*** DATA SEGMENT ***

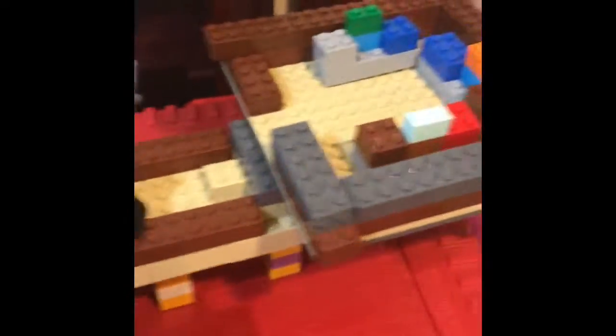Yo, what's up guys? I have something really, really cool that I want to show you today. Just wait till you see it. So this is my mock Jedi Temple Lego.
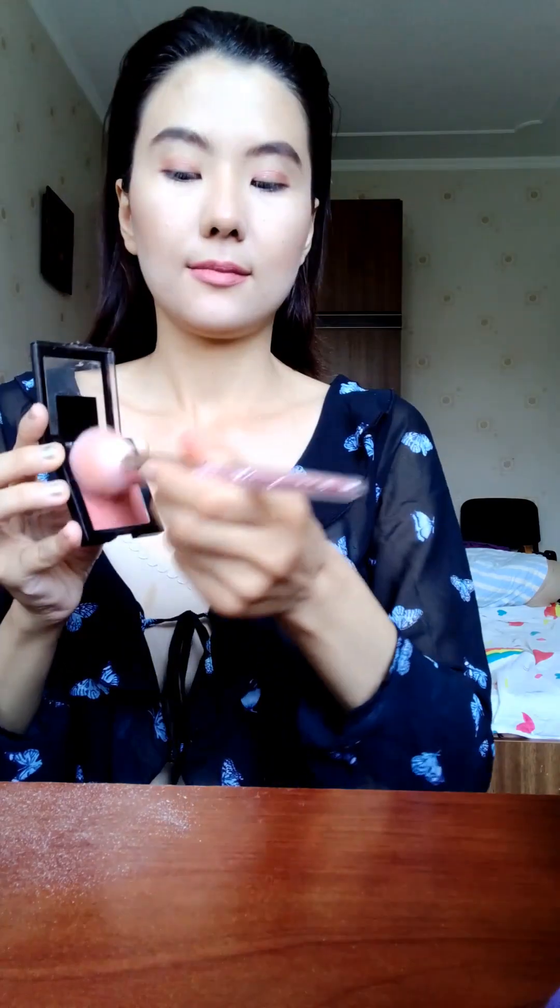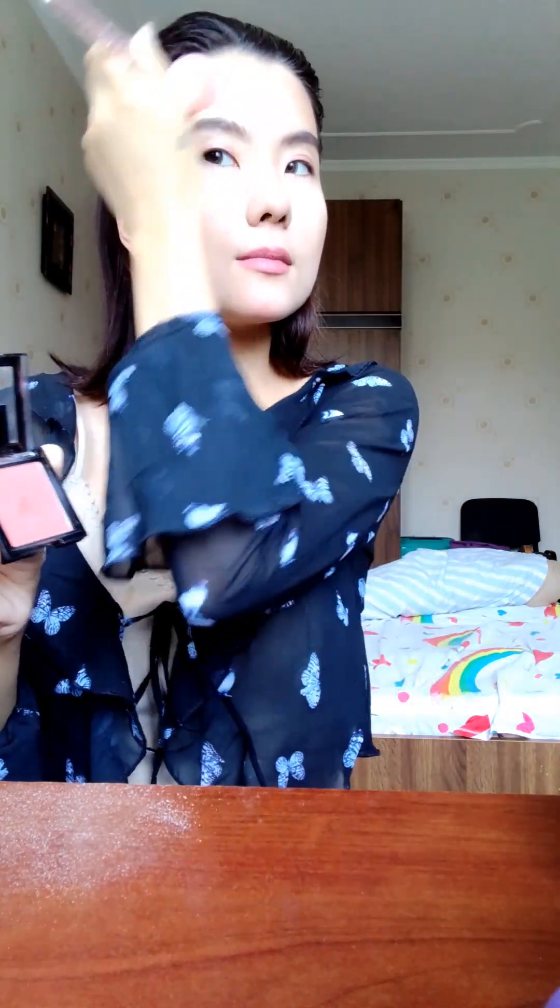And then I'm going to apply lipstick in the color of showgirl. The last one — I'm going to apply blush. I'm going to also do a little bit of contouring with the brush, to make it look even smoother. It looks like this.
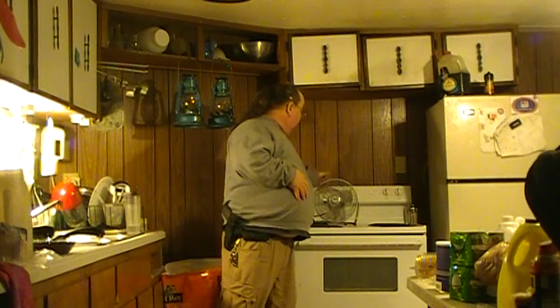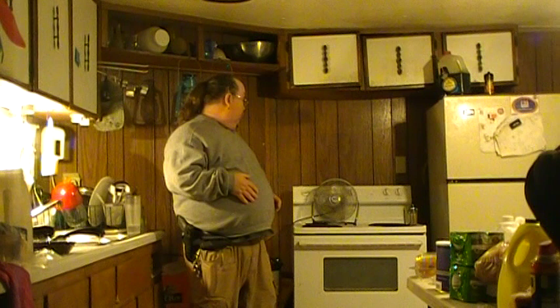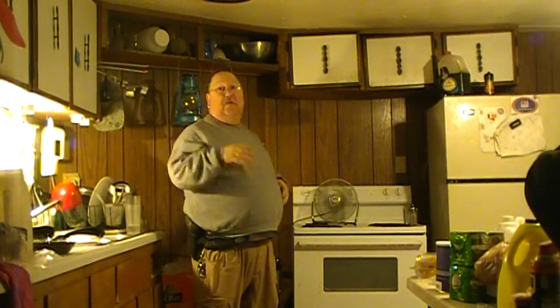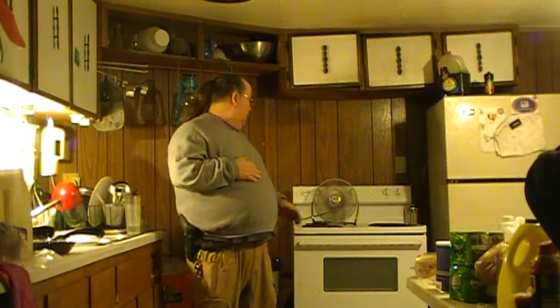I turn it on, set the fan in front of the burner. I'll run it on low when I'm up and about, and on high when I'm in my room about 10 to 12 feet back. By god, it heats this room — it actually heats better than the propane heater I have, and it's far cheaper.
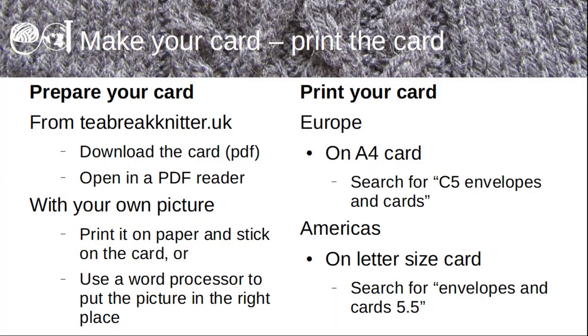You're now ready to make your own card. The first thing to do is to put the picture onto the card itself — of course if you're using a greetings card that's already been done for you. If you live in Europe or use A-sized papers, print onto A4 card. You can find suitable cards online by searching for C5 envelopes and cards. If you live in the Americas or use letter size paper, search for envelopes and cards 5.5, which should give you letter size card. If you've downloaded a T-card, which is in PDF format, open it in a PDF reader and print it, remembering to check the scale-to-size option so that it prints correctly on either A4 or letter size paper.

***

_TASK ITEM_.
Set the pictures aside and retype exactly the lines above from the line with "And then I'm" to the line with "I turn it on, set", both included, adding no others.

_WRITTEN ANSWER_.
And then I'm going to apply lipstick in the color of showgirl. The last one — I'm going to apply blush. I'm going to also do a little bit of contouring with the brush, to make it look even smoother. It looks like this.
I turn it on, set the fan in front of the burner. I'll run it on low when I'm up and about, and on high when I'm in my room about 10 to 12 feet back. By god, it heats this room — it actually heats better than the propane heater I have, and it's far cheaper.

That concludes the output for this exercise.